Saturday, August 29, 2015

Archspire - The Lucid Collective

Literal pornography

I mean it, this album is equatable to porn, and I don't mean it in a good way.  I've once heard pornography defined as "anything you lose interest in as soon as you finish masturbating", which is completely brilliant and it embarrasses me to admit that I can't for the life of me remember the source.  The point is that Archspire is astounding.  I listen to The Lucid Collective and I'm reminded of the first time I heard genre stalwarts like Origin or even bands who flashed in the pan extremely brightly before abandoning the style or just going generally MIA from the studio like Fleshgod Apocalypse and Decrepit Birth.  The percussion is monstrous, lightning quick, and precise.  The guitars shred at light speed through insanely technical leads and generally unimportant riffs, but they take the Decrepit Birth approach of loading everything down with melody so the riffs are really more of an afterthought anyway.  The biggest standout is probably the vocalist, as he rivals Corpsegrinder, Sean Killian, or the dude from Streetlight Manifesto in how insanely fast he delivers his lines.  The lyrics for any given song are basically a full chapter from any novel, and he just never lets up with his rhythmic staccato.  It's like Busta Rhymes joined Origin, listen to the intro of "Fathom Infinite Depth" and try not to be impressed by his full throatal assault.

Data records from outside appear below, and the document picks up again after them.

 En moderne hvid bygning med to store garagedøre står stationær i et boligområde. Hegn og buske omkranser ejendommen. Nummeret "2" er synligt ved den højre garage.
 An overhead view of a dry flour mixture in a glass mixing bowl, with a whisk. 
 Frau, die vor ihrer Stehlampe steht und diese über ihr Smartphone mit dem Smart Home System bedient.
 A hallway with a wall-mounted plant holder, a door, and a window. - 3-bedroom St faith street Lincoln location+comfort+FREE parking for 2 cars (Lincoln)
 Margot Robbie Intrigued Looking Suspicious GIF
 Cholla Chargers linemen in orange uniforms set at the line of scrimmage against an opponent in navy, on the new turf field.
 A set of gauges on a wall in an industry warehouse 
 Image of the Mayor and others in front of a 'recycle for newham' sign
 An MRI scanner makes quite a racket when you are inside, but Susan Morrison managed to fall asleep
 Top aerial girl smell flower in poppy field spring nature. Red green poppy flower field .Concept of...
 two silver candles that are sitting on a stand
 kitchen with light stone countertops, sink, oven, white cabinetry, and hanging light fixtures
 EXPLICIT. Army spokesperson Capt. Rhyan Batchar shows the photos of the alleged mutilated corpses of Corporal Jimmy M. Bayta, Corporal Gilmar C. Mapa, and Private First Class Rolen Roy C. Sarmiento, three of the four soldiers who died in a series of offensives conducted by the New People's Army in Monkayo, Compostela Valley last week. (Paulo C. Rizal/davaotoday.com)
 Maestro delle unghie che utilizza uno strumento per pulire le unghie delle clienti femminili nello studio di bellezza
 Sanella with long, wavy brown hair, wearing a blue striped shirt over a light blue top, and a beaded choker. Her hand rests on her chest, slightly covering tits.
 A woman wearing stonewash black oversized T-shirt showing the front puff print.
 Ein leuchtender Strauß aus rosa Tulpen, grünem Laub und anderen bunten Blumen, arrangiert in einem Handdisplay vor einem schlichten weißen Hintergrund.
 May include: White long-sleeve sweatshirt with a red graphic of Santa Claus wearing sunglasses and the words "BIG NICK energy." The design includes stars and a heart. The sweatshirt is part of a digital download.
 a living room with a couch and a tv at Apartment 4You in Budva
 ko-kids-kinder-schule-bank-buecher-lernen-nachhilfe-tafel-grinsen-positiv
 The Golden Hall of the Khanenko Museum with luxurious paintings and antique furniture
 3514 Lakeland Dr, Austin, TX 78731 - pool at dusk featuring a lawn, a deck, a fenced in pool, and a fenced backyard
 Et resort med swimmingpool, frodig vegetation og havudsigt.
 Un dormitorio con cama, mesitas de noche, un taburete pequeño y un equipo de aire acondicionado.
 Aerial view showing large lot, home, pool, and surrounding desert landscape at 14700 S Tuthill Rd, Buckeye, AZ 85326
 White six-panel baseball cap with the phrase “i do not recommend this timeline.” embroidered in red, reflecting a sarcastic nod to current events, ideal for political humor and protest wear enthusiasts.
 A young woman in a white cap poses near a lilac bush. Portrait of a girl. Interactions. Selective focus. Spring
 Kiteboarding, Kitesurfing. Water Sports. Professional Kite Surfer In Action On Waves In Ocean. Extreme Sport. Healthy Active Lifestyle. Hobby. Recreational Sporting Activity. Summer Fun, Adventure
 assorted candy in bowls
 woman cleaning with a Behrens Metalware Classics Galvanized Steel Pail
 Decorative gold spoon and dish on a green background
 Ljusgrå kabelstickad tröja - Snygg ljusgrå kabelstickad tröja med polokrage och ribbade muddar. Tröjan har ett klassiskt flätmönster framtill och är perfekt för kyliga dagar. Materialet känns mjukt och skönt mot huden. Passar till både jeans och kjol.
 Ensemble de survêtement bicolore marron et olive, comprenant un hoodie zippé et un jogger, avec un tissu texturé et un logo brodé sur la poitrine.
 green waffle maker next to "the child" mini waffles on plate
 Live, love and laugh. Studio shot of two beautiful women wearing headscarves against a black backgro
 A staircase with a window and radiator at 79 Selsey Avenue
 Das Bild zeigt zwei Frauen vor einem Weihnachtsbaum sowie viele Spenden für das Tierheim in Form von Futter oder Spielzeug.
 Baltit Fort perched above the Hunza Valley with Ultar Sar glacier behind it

And then the album finishes.  And that's it!  A-thibby thib-thit-thit THAT'S ALL FOLKS!

As soon as "Spontaneous Generation" draws to a close, the album evaporates from your memory like your last wet dream, leaving you only with a curious stain and no memory of why you were so damn excited.  For all of the mind-bending skill on display, Archspire is woefully lacking in staying power, with songwriting skill on par with Rings of Saturn or Brain Drill, despite managing to avoid their style of incessantly cramming six second snippets of practice exercises in a random order dozens of times and calling it a song.  When listening to The Lucid Collective, it's obvious that they know what they're doing, it's just a shame that they aren't particularly good at it.  There was a browser game from a few years ago where you'd create a band, get points every hour or so, and spend those points on improving the band, touring, releasing albums, writing songs, etc.  Fun little timekiller and all, and if I recall there was a strong roleplaying community with it, but the point was that there were three factors that influenced the overall rating of the songs you'd write: creativity, playing ability, and songwriting.  If Archspire played that game, they'd have creativity sitting at about 75, playing ability at 150, and songwriting at 20.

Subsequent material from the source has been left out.